11. Model Checkpoints
One useful tool built into the Keras framework is the ability to use callbacks to perform tasks along the way through the model training process. I chose to implement checkpoints to save the model weights at the end of each epoch. In a more typical application of neural networks, it might make more sense to simply end the learning process once the loss stops improving from one epoch to the next. However, in this application the loss was not an entirely reliable indicator of model performance, so saving model weights at the end of each epoch is something of a buy-one-get-X-free each time the training process runs. In the end, it was the weights from the third epoch of training that performed best and completed both test and challenge tracks.
12. Further Data Distribution Flattening
At one point, I had decided I might be throwing out too much of my data trying to achieve a more uniform distribution. So instead of discarding data points until the distribution for a bin reaches the would-be average for all bins, I made the target twice the would-be average for all bins. The resulting distribution can be seen in the chart below. This resulted in a noticeable bias toward driving straight (i.e. problems with sharp turns), particularly on the challenge track.
The consensus from the nanodegree community was that underperforming on the challenge track most likely meant that there was not a high enough frequency of higher steering angle data points in the set. I once again adjusted the flattening algorithm, setting the target maximum count for each bin to half of the would-be average for all bins. The histogram depicting the results of this adjustment can be seen in the chart below. (Note: the counts for the bins differ from the chart above because the dataset for the chart below includes both Udacity's and my own data.)

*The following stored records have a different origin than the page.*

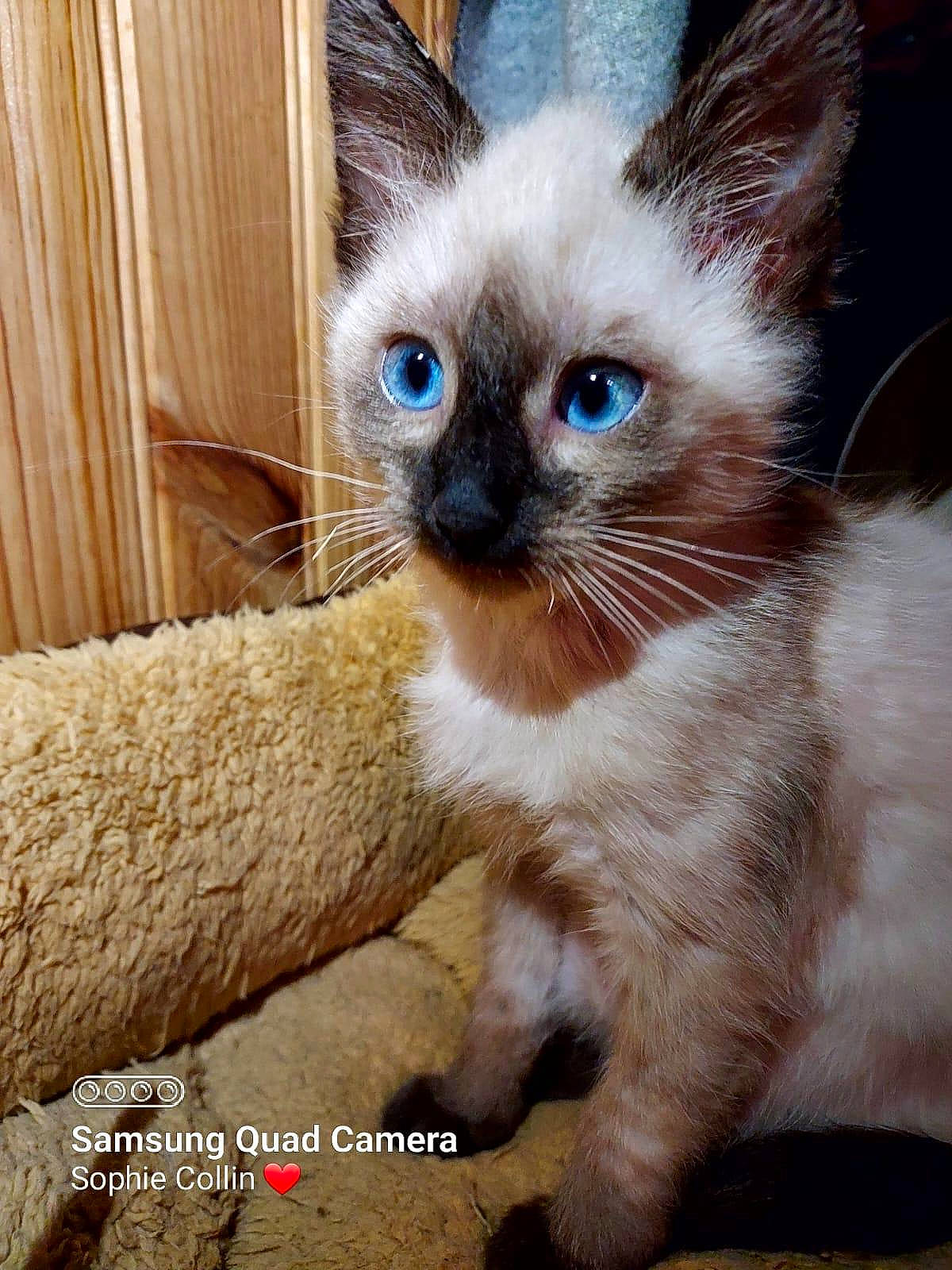 Tchoupi participe au concours pour gagner de l'argent avec cette photo : carnivore, cat, claw, curtain, electric_blue, eye, fawn, felidae, fur, iris, siamese, small_to_medium_sized_cats, snout, tail, terrestrial_animal, whiskers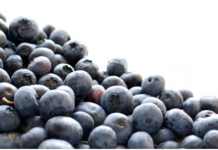 Industria de arándanos en Argentina preocupada por la posible falta de capacidad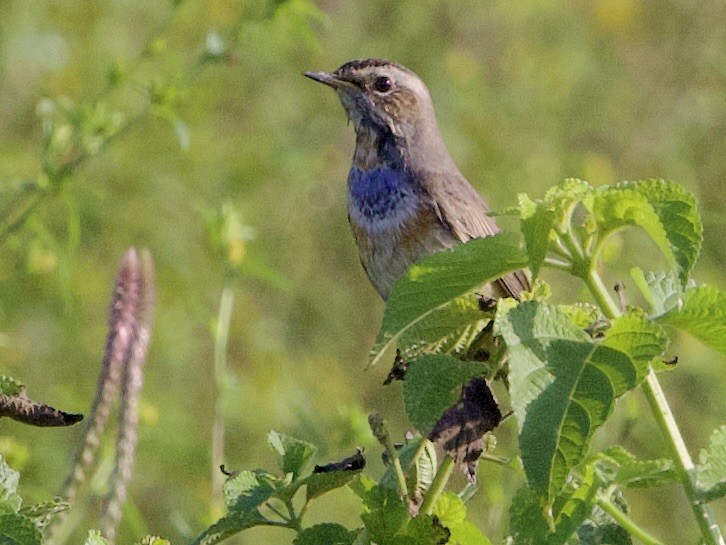 slavík modráček - ML643350583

These strategies resulted in a model that performed well on both test and challenge tracks. The final dataset was a combination of Udacity's and my own, and included a total of 59,664 data points. From these, only 17,350 remained after distribution flattening, and this set was further split into a training set of 16,482 (95%) data points and a test set of 868 (5%) data points. The validation data for the model is pulled from the training set, but doesn't undergo any jitter. The model architecture is described in the paragraphs above, but reiterated in the image below:
Conclusion and Discussion
This project - along with most every other exercise in machine learning, it would seem - very much reiterated that it really is all about the data. Making changes to the model rarely seemed to have quite the impact that a change to the fundamental makeup of the training data typically had.
I could easily spend hours upon hours tuning the data and model to perform optimally on both tracks, but to manage my time effectively I chose to conclude my efforts as soon as the model performed satisfactorily on both tracks. I fully plan to revisit this project when time permits.
One way that I would like to improve my implementation is related to the distribution flattening scheme. As it is currently implemented, a very large chunk of data is thrown out, never to be seen again. I find this bothersome, and I feel that wasting data like this (even if it is mostly zero/near-zero steering angles) is a missed opportunity to train a model that can better generalize. In the future, I would like to pass the full dataset (
angles) to the generator and allow it to flatten the distribution itself, throwing out a different portion of the data each epoch or batch.
I would also like to revisit implementing a more agressive crop to the images before feeding them to the neural net. Another nanodegree student achieved good model performance in a neural net with only 63 parameters. Such a small neural net is desirable because it greatly reduces training time and can produce near real-time predictions, which is very important for a real-world self-driving car application.
I enjoyed this project thoroughly and I'm very pleased with the results. Training the car to drive itself, with relatively little effort and virtually no explicit instruction, was extremely rewarding.